Down syndrome (DS or DNS), also known as trisomy 21, is a genetic disorder caused by the presence of all or part of a third copy of chromosome 21. It is typically associated with physical growth delays, characteristic facial features and mild to moderate intellectual disability. The average IQ of a young adult with Down syndrome is 50, equivalent to the mental ability of an 8- or 9-year-old child, but this can vary widely.

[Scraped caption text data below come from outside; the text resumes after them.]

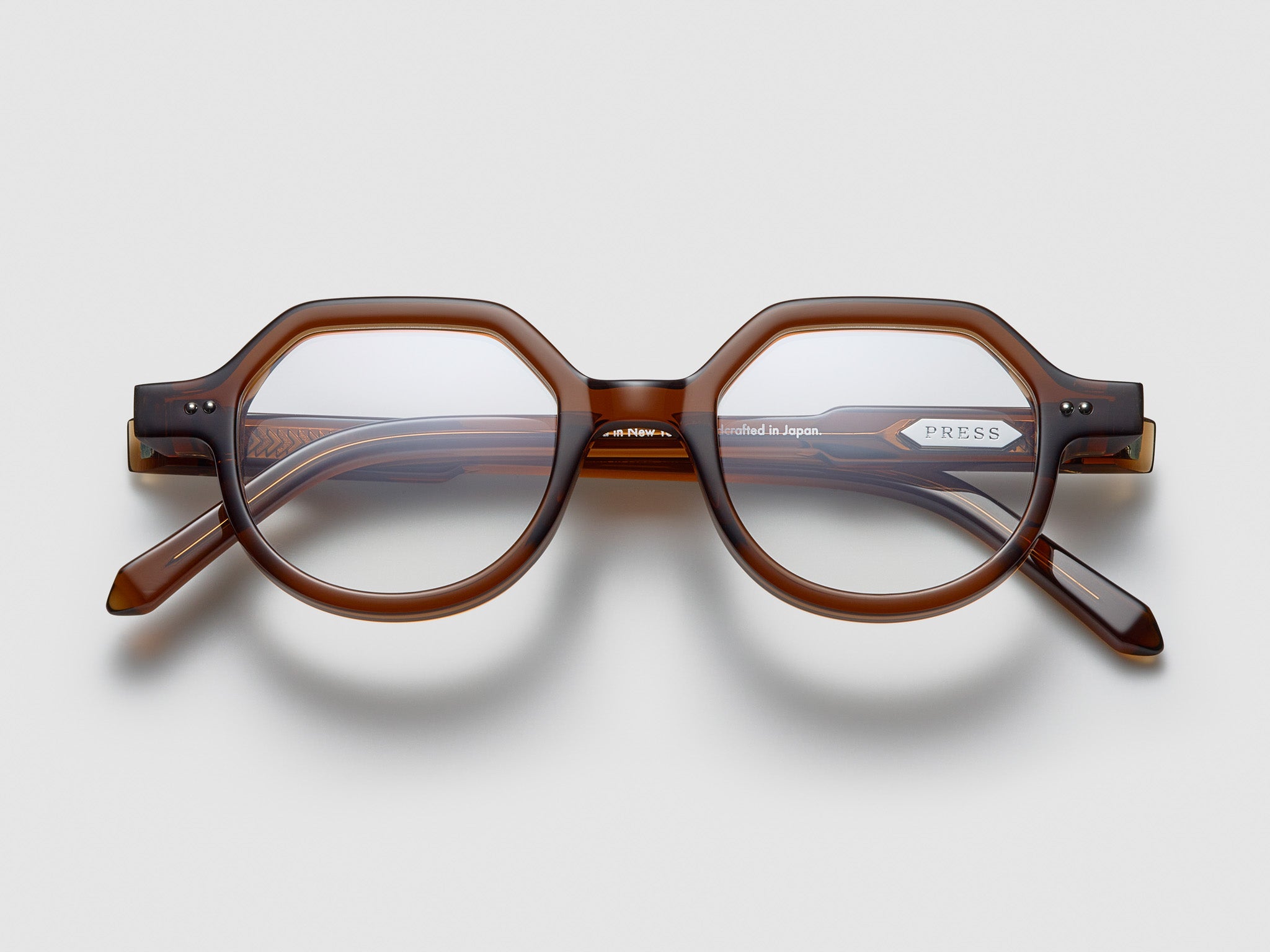 Cognac / Silver - TI005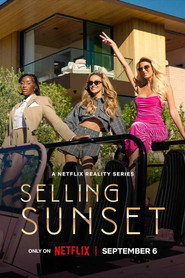 Selling Sunset 8. Sezon afişi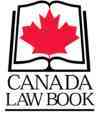 Canada Law Book Logo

Down syndrome can be identified during pregnancy by prenatal screening followed by diagnostic testing or after birth by direct observation and genetic testing. Since the introduction of screening, pregnancies with the diagnosis are often terminated. The problem is that women in Ohio no longer have the possibility to terminate problematic pregnancies.
If a doctor goes through with an abortion in case where there is prenatal Down syndrome diagnosis, he would be charged with fourth-degree felony, fined up to $5,000, and face up to 18 months in prison. Also, doctors could lose their medical licenses. Anti-abortion rights advocates say abortions because of Down syndrome are discrimination and cheered Kasich's decision Friday.
“Ohio has given unborn children with Down syndrome and their families an early Christmas present and created a safe haven from lethal discrimination,” said Marjorie Dannenfelser, president of the Susan B. Anthony List. Opponents argue the law will prevent women from making their own decisions on their pregnancies. Future mothers are already in a difficult situation when they hear the news about the Down syndrome diagnosis, and now this law requires the child to be born regardless of whether families are in position to take care of that child.
"When a woman receives a diagnosis of Down syndrome during her pregnancy, the last thing she needs is Gov. Kasich barging in to tell her what's best for her family," said NARAL Pro-Choice Ohio Executive Director Kellie Copeland.
A similar law was passed in Indiana before being struck down in September by a judge after a lawsuit from the American Civil Liberties Union. Let’s hope this law would also be legally challenged.